30ème séance de l’académie des vins anciens au restaurant Macéovendredi, 18 mai 2018

La 30ème séance de l’académie des vins anciens se tient comme à l’accoutumée au restaurant Macéo. Nous sommes 41 présents répartis en quatre tables et les vins, annoncés officiellement pour 63 seront en fait autour de 70 du fait de générosités de dernière minute. Il est inutile de dire que nous ne manquerons pas de quoi boire.

J’arrive avant 16 heures au restaurant avec Béatrice qui va m’aider tout au long de la soirée. Je vais ouvrir les bouteilles et progressivement je suis rejoint par quatre amis qui viennent à la fois m’aider mais aussi soutenir le moral de l’ouvreur (et le leur) avec quelques flacons non au programme. Ainsi le premier arrivé ouvre un magnum de Krug Grande Cuvée à étiquette crème ce qui indique qu’il a plus de trente ans. Il a apporté ce magnum au niveau bas mais nous savons que cela ne gêne pas sa qualité, ce qui est le cas. Si nous commençons à boire dès 16 heures, comment serons-nous en fin de soirée ? Le Krug est tellement bon, avec une patine de vieux champagne particulièrement gourmande ! Pendant ce temps j’ouvre les vins, aidé de mes amis que j’aide dès qu’apparaît une situation qui semble inextricable. Un ami ouvre un Bourgogne Aligoté 1957 excellent de fraîcheur et d’énergie, que nous trouvons tellement bon que nous l’ajouterons au programme du groupe 1 auquel nous sommes trois sur quatre rattachés. Un autre apport est un Seyssel mousseux de l’Ain, gentil pétillant fort agréable car sans prétention. Mais nous travaillons quand même ! Il se trouve que j’avais diffusé aux inscrits à l’académie la liste des millésimes qui seraient présents à la 30ème séance. Le plus vieux est 1929 et un des amis présents qui a apporté l’un des deux 1929 m’avait demandé en forme de challenge : vas-tu apporter plus vieux ? Comme pour me titiller un peu plus, il a apporté pour la séance d’ouverture une bouteille sans étiquette, sans capsule, avec un bouchon qui dépasse et qui est ficelé d’une ficelle très fine qui n’aurait jamais pu convenir à un champagne. A travers le verre on voit un liquide beige foncé trouble. L’ami ne sait pas de quoi il s’agit et pense à un vin du début du 20ème siècle, sans pouvoir deviner sa couleur. J’ouvre la bouteille, je sens et je m’écrie : « mais c’est un cidre ». Le parfum est sans équivoque. Nous buvons ce Cidre vers 1910 qui a une acidité bien contrôlée, un joli goût de pomme écrasée et se boit bien. Quelle belle surprise ! Mon ami me challenge avec un vin plus vieux que 1929. Il ne savait pas que j’avais apporté pour les ouvreurs l’arme secrète, que j’ai décidé de ne servir que lorsque tous les autres vins seraient ouverts : le reste de la bouteille de Malaga 1872 ouverte il y a deux jours. Nous nous recueillons car ce vin riche est d’une essence divine. Café, épices, tabac, chocolat, sont exposés avec une longueur infinie.

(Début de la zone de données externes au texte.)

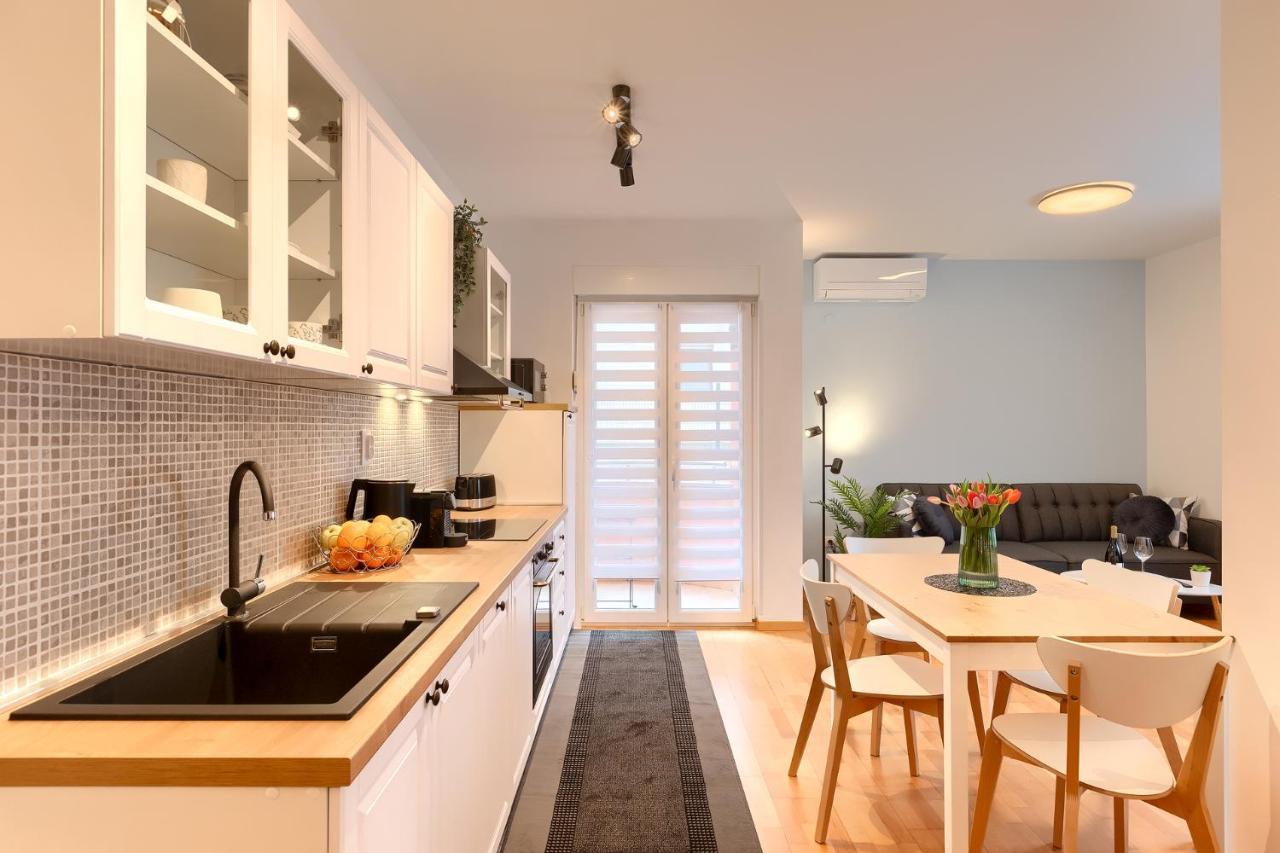Apartment N&N Rovinj Exterior photo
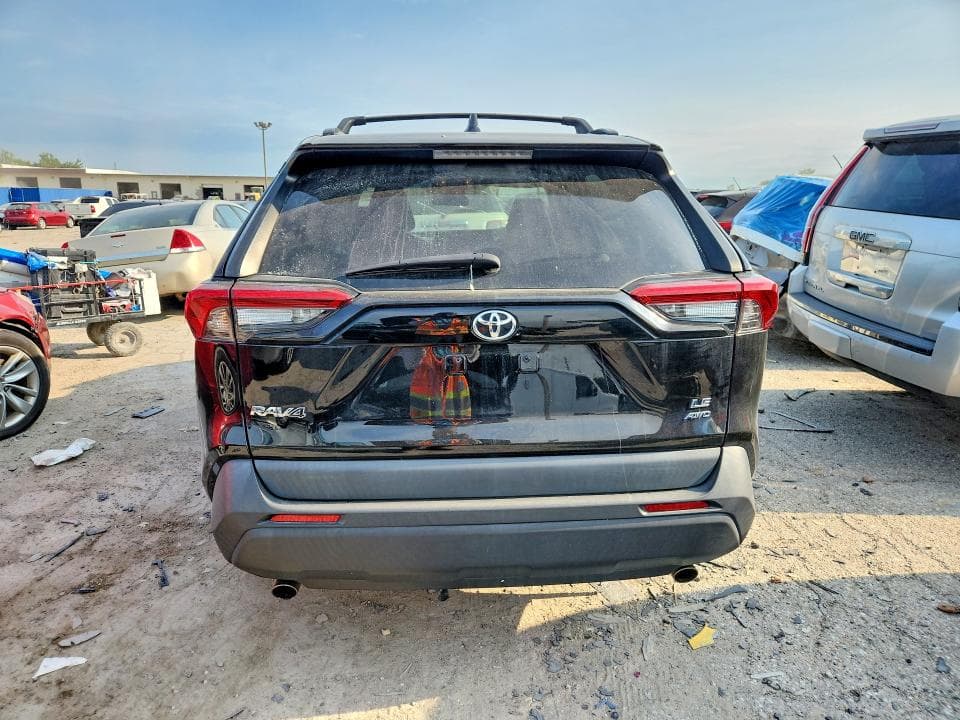 2021 TOYOTA RAV4 LE 6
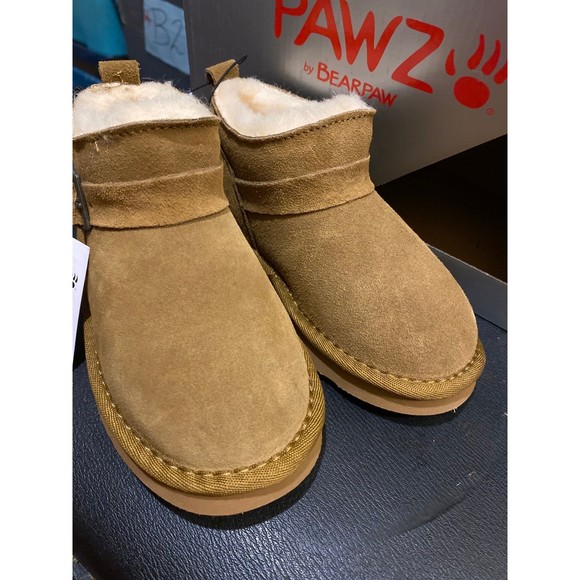 New Girls Pawz by BearPaw Pretty Short Hickory Brown Boots Size 10 New - Picture 2 of 12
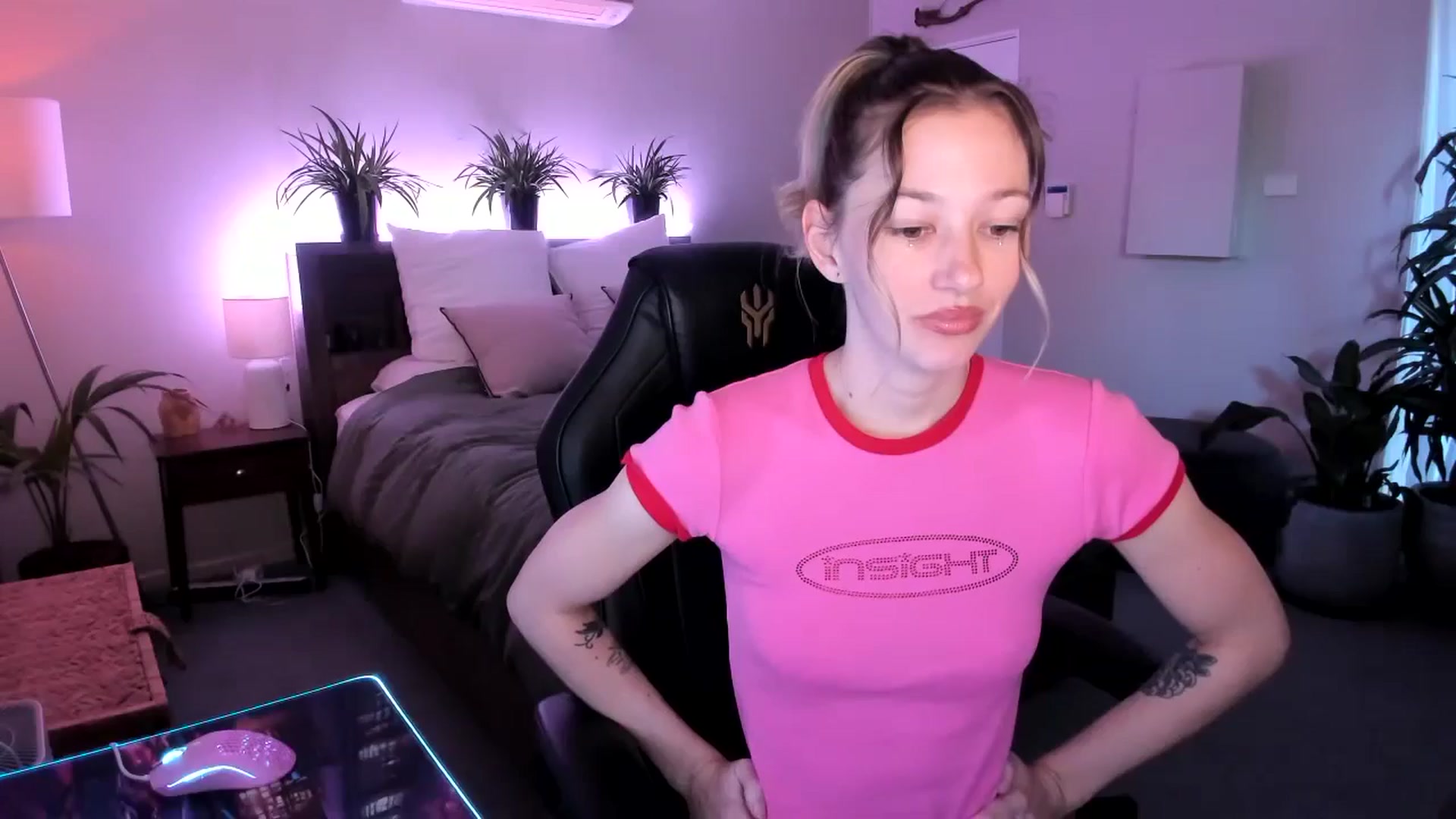 Gallery image thumbnail from Alice_NZ's myfreecams stream on, 04/26/2024, 03:09 image 7 of 20
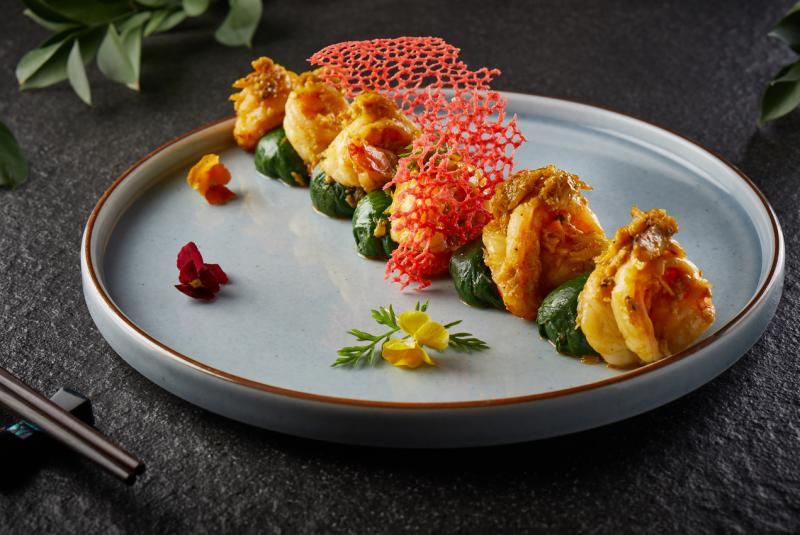 香聚餐馆的蟹粉明虾球配翠玉包。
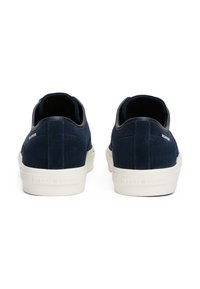 Baskets en daim bleu marine avec une semelle en caoutchouc blanche. Dotées d'un bout rond et d'un design profilé bas. Détail du logo sur le côté et à l'arrière.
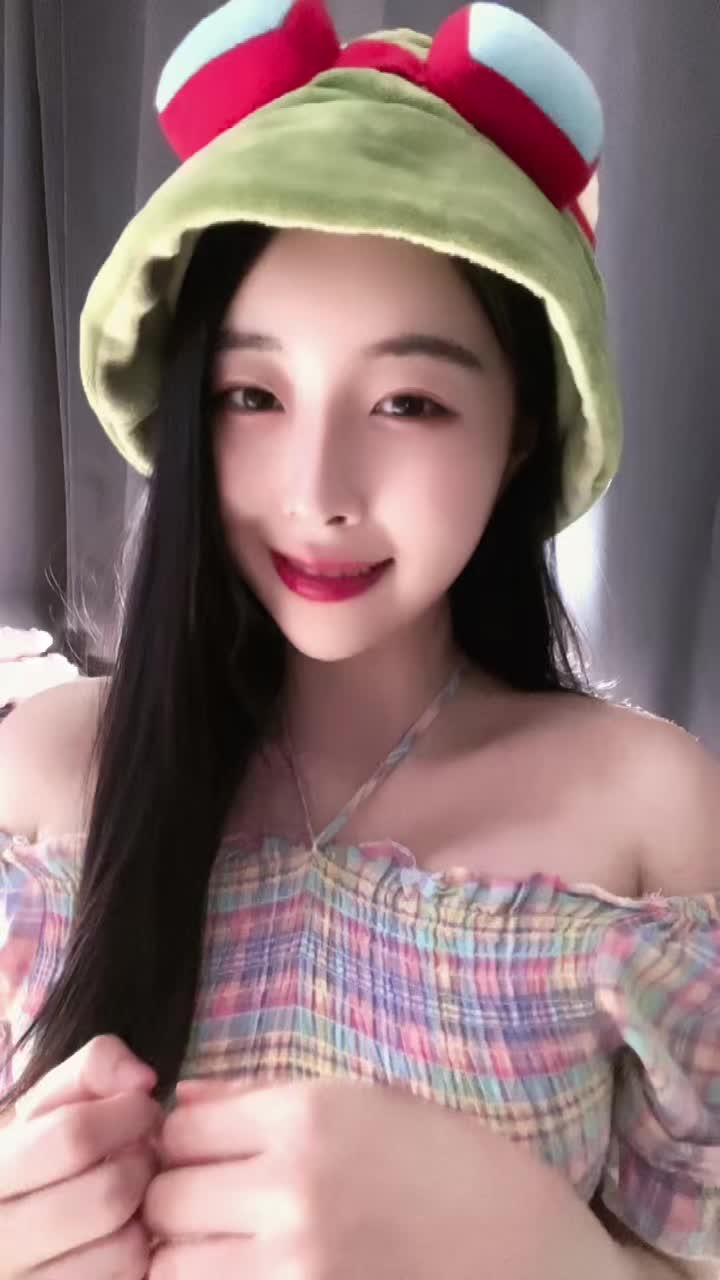 @🎤규니ギュニ 均尼 🍓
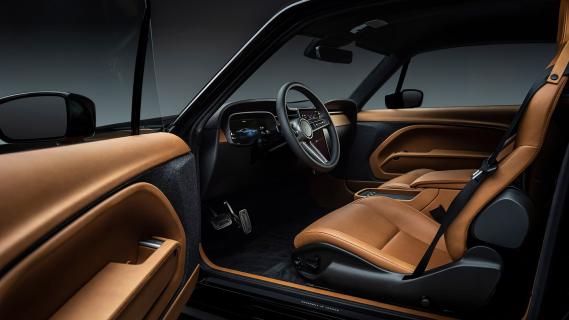 Charge Mustang productieversie 2022 studio interieur deur open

Lors de l’ouverture, de nombreux vins ont montré le même comportement du bouchon : lorsque l’on décapsule, le bouchon descend dans le goulot et fait remonter au-dessus de lui, dans le vide créé, un peu de vin. Comme lors d’autres séances d’ouverture, on peut penser que les conditions météorologiques ont une influence sur le comportement des bouchons. Deux fois, ce qui n’arrive quasiment jamais, Béatrice a dû transvaser le vin de deux bouteilles dont le bouchon est tombé dans le vin, risquant de le polluer.

Globalement les vins ouverts montrent très peu de défauts, un bordeaux et un vin d’Algérie semblant bouchonnés.

Les apports sont très conformes à la philosophie de l’académie et j’ai pu féliciter les membres de la qualité des apports. Il n’en est pas de même de la logistique concourant à la mise en place de l’événement, le nombre d’incidents de toutes sortes se multipliant à l’infini. J’ai donc annoncé que les règles se durciront pour la prochaine séance.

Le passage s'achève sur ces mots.